[THE DATA — start]

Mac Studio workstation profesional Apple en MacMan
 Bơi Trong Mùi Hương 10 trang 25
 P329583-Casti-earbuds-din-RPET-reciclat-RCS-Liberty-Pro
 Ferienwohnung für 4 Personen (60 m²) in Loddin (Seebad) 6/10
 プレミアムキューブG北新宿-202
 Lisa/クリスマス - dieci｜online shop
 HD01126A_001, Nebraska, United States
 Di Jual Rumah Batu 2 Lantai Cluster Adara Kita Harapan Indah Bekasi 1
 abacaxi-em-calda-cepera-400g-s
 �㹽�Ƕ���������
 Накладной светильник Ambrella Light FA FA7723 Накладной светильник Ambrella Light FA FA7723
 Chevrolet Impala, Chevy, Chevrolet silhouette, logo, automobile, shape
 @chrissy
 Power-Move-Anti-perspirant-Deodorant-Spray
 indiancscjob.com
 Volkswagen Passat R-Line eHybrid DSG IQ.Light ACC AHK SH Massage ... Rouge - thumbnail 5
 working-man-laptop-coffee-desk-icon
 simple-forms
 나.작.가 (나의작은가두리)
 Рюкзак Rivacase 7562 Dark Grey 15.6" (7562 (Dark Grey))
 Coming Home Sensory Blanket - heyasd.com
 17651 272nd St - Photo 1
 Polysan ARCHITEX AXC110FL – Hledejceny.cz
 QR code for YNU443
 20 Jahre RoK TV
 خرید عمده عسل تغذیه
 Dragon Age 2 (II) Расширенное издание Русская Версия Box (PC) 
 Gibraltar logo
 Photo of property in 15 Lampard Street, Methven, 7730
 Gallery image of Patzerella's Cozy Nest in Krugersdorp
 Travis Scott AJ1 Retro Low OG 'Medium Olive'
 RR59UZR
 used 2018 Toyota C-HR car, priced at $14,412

[THE DATA — finish]

> **TASK TO COMPLETE**
Wherever the word "logo" appears in the entries above, copy that whole line.

> **EXERCISE ANSWER**
 Chevrolet Impala, Chevy, Chevrolet silhouette, logo, automobile, shape
 Gibraltar logo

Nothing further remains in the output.